What Is Consent, Capacity and Documentation – and Why Do They Matter in the ED?


In simple terms, consent is a patient’s agreement to examination or treatment after receiving enough information about risks, benefits and alternatives, in a way they can understand. It’s rooted in autonomy and is a legal as well as ethical requirement.(GMC UK)


Capacity is the ability to understand, retain, weigh and communicate information relevant to a specific decision at a specific time; in UK practice this is framed by the Mental Capacity Act 2005 (MCA) and its principles (presumption of capacity, support to decide, unwise decisions, best interests, least restrictive option).(nhs.uk)


Documentation means keeping clear, accurate, legible notes of what was discussed, what was decided and why. It’s a core GMC expectation and your main defence if care is ever scrutinised later.(GMC UK)


In the ED, decisions are often time-critical, made under uncertainty and later picked apart in RCAs and coroners’ courts—so robust consent, capacity assessment and documentation are central to both patient safety and medico-legal protection.
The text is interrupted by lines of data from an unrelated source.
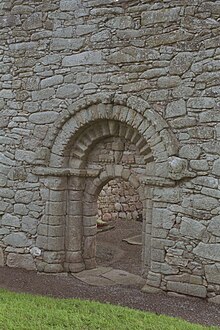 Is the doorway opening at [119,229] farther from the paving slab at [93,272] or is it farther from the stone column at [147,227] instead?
the stone column at [147,227]

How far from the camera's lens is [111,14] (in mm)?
7012

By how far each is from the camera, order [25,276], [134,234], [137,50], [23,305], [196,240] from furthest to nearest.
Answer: [134,234] → [25,276] → [137,50] → [196,240] → [23,305]

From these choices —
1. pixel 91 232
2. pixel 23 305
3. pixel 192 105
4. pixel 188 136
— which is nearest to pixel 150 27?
pixel 192 105

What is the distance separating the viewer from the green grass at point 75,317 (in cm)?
477

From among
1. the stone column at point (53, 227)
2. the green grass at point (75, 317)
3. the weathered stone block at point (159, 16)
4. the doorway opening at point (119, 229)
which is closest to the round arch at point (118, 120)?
the stone column at point (53, 227)

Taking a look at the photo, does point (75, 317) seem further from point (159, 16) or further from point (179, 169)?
point (159, 16)

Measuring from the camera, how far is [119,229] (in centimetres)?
1209

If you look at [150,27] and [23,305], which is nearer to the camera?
[23,305]

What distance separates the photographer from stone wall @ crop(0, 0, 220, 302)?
6.31m

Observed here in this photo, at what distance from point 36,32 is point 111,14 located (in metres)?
1.53

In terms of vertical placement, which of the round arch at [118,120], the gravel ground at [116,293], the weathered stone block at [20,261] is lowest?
the gravel ground at [116,293]

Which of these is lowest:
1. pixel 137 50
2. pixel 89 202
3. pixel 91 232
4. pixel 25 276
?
pixel 25 276

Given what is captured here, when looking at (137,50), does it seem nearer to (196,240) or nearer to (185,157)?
(185,157)

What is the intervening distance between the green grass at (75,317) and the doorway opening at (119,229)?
2580mm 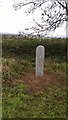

These themes show up repeatedly in the FRCEM SBA as law/ethics and professionalism questions wrapped around realistic ED scenarios.


How Consent, Capacity and Documentation Appear in the FRCEM SBA Exam


Typical question angles:


  • Recognising valid consent
    • Elements of valid consent (information, capacity, voluntariness).
    • Gillick competence and parental consent in children/young people.(GMC UK)


  • Assessing capacity
    • Applying the four-stage test.
    • “Unwise decision” vs lack of capacity under the MCA.
    • Best-interests decisions and least-restrictive options.(Health Research Authority)


  • Emergency treatment without consent
    • Treating unconscious patients in their best interests.
    • Proportionate restraint and urgent life-saving interventions.(GMC UK)


  • Law and ethics in mental health
    • When to use MCA vs Mental Health Act for an agitated or suicidal patient.
    • Detention, capacity to refuse, and managing risk.


  • Documentation
    • What must be recorded in the notes about consent discussions, capacity assessment and best-interests decisions.
    • Good Medical Practice expectations for record keeping.(GMC UK)


Common formats:


  • Vignettes about confused, intoxicated, suicidal or refusing patients where you must decide: 
    • “Does this patient have capacity?”
    • “Is this valid consent/refusal?”
    • “What is the most appropriate legal/ethical framework?”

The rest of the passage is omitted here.